Jérôme Cohen est fondateur d’ENGAGE et cofondateur du Grand Défi. Quelques réponses sur les ambitions et les fondamentaux du Grand Défi.

Vous avez fait le pari de l’intelligence collective, pourquoi ?

Il est proprement illusoire de penser que nous résoudrons les défis environnementaux et sociaux en pensant en silo. Les enjeux sont intimement interreliés, les réponses résident dans les interstices et les acteurs capables de contribuer à leur résolution viennent de tous les horizons. Il est donc nécessaire de constituer des écosystèmes divers et de faire travailler ensemble des compétences, des expériences, des sensibilités différentes qui se complètent pour trouver des réponses à la hauteur des enjeux. C’est ce que nous avons expérimenté en constituant en amont un écosystème extrêmement riche de plus de cent partenaires. C’est aussi ce qui a soutenu la démarche de délibération des délégués, enrichie des apports d’experts, de scientifiques, de chefs d’entreprises, d’acteurs de la transition. Le processus est incroyablement puissant, incarné par le chemin d’apprentissage et de mise en action individuel et collectif que toutes et tous ont emprunté mais aussi au regard des propositions dont, je l’espère, vous validerez la pertinence.

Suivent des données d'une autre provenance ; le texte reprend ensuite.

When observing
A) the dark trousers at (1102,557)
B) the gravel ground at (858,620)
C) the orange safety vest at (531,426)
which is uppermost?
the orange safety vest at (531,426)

“Ce nouveau modèle implique d’interroger l’ordre des priorités entre l’économique, l’environnemental et le social”

 

Que signifie ce nouveau modèle de prospérité économique, humaniste et régénérative ?

Nous avons d’abord confirmé, lors de la consultation, l’attente profonde de transformation des acteurs de l’économie, qu’ils soient salariés, dirigeants ou actionnaires. Nous avons perçu aussi leur désarroi quant au nouveau modèle à inventer et à la trajectoire pour y parvenir. C’est précisément sur cette redéfinition de la mission des entreprises et de leur trajectoire de transformation que nous avons travaillé. Ce nouveau modèle implique d’interroger l’ordre des priorités entre l’économique, l’environnemental et le social ; il propose de repenser la place des femmes et des hommes et la gouvernance des organisations ; il impose aussi de redéfinir l’activité des entreprises au regard des limites planétaires et de la nécessité de régénérer les écosystèmes.

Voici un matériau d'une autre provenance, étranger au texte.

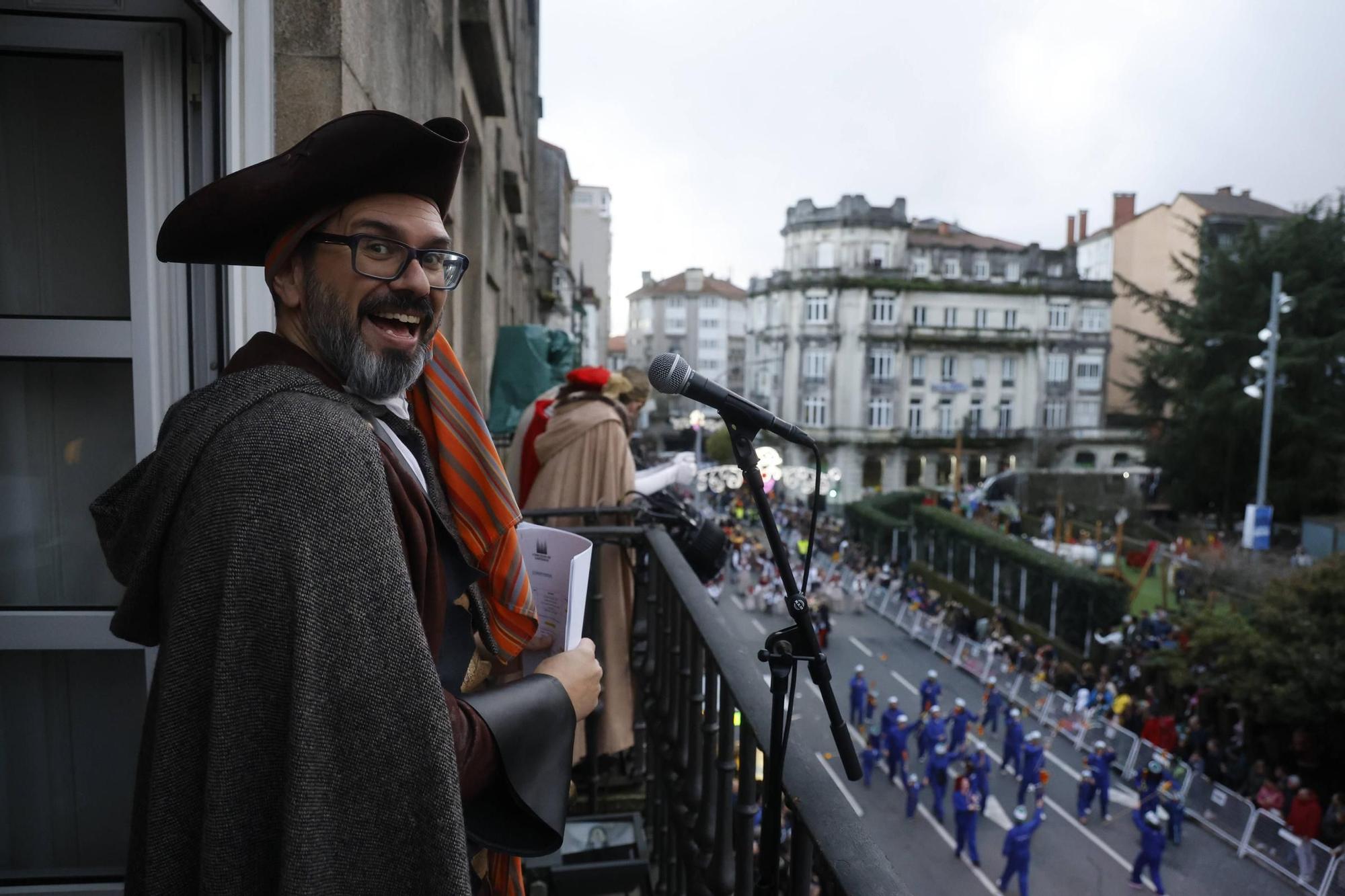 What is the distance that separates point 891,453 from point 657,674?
146ft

Pour concevoir ce nouveau modèle et le mettre en place, nous avons besoin d’une prise de conscience mais aussi de connaissances profondes, de nouvelles compétences, d’outils, de références et de normes partagées et c’est à cela que contribuent les cent propositions.

Que peut apporter le Grand Défi aujourd’hui ?

Le Grand Défi n’est pas un énième livre blanc consacré à la transition écologique et à sa nécessité. Il est tout au contraire un outil mis à la disposition des décideurs politiques, économiques et académiques pour accélérer opérationnellement et dès aujourd’hui la transformation de l’économie et des entreprises. Notre ambition consiste en ce que ces différentes sphères se saisissent des propositions dont les trajectoires d’application et processus de mise en œuvre sont détaillés. La troisième phase qui s’ouvre, celle de la diffusion, est donc décisive car c’est précisément dans cette étape d’appropriation que se mesureront notre impact et les transformations que nous saurons engendrer. Un seul mot d’ordre, que chacun s’empare des propositions pour les diffuser et travailler, dans sa propre sphère de responsabilité, à leur mise en œuvre.